The learned trial magistrate considered the circumstantial evidence adduced against the 3rd appellant as regards his having been at the scene of the robbery just before the same was committed and being found with one of the stolen items as providing proof beyond doubt that he was one of the culprits. The 3rd appellant’s pointing out of his co-appellants, taken together with the fact that they too were found with items stolen from the complainant left no doubt in the learned trial magistrate’s mind that they were also culprits. We find no fault in his findings.

Our careful analysis and re-evaluation of the entire evidence adduced at the trial, the sequence of events, and the corroborated evidence as to the attack, theft, pursuit of the robbers, leading to the recovery of items stolen from the complainant, leaves us with no doubt at all that the appellants were indeed the persons who violently robbed the complainant herein. We are of the considered view that there was no likelihood of mistaken identity. We share the learned trial magistrate’s view that their respective defences did not hold and consider them to have been properly rejected. We see no material contradictions in the evidence adduced against them by the various witnesses.

Accordingly the appeals herein are hereby dismissed in their entirely.”

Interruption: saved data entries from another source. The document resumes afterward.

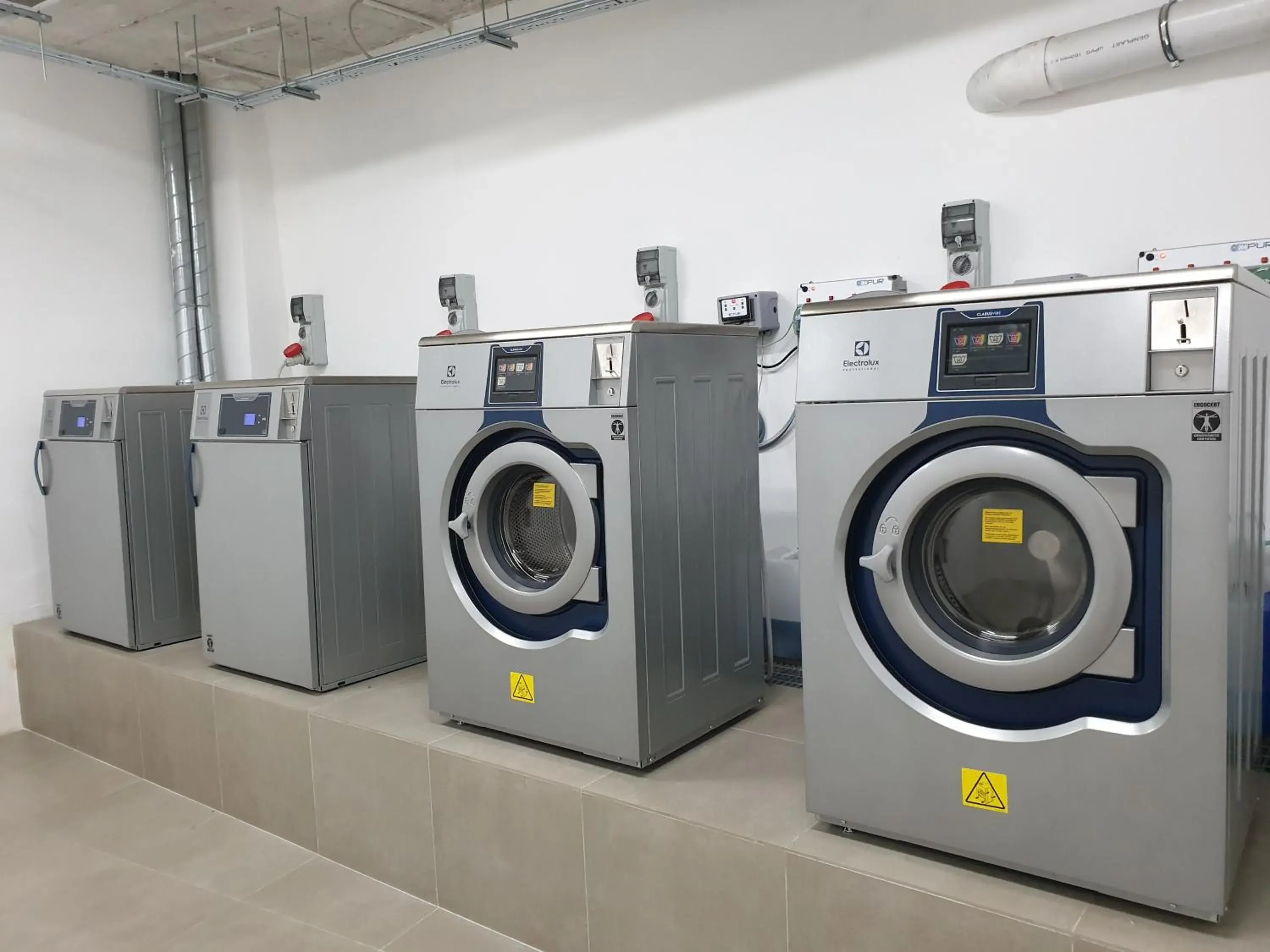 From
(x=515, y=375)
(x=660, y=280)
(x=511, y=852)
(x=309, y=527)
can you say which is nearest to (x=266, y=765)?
(x=309, y=527)

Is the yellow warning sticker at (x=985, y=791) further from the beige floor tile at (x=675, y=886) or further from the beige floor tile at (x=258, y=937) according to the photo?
the beige floor tile at (x=258, y=937)

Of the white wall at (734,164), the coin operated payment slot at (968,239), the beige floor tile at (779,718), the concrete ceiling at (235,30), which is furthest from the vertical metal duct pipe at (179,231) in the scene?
the coin operated payment slot at (968,239)

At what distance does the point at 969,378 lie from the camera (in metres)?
1.69

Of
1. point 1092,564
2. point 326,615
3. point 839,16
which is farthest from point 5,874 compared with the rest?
point 839,16

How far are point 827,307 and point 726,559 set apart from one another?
34.9 inches

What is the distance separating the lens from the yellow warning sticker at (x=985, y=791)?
1703mm

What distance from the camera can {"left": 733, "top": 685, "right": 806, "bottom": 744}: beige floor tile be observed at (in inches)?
99.3

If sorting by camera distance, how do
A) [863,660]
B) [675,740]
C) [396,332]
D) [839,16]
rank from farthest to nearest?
[396,332], [839,16], [675,740], [863,660]

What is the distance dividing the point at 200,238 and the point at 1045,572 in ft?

Still dissatisfied by the foregoing, the appellants have now come to this Court by way of second and final appeal. This is the appeal that came before us on 19th April, 2011 when the appellants had the privilege of being represented by Dr. G.K. Kuria Senior Counsel, while Mr. V.O. Nyakundi (State Counsel I), appeared for the State.

Dr. Kuria, was, as usual, thorough in his submissions and at the outset submitted that the appeal turns only on two points:- (1) was there a robbery on 19th December, 2004? (2) If there was a robbery was circumstantial evidence sufficient to convict the appellants?

On the first issue of the actual robbery incident, Dr. Kuria submitted that there were two versions as to what took place and that the accounts of what took place were disjointed. Dr. Kuria went on to submit that it was upon the prosecution to prove that the recovered items were the same as what had been stolen.

Dr. Kuria faulted the superior court in that it failed to re-evaluate the evidence. It was Dr. Kuria’s view that the superior court arrived at unreasonable conclusion in that it failed to consider the leading authorities on identification.

Finally, Dr. Kuria submitted that the appellants’ case had been poorly investigated as it was not clear what role witnesses like PW2, PW3and PW4played and which led to the arrest of the appellants.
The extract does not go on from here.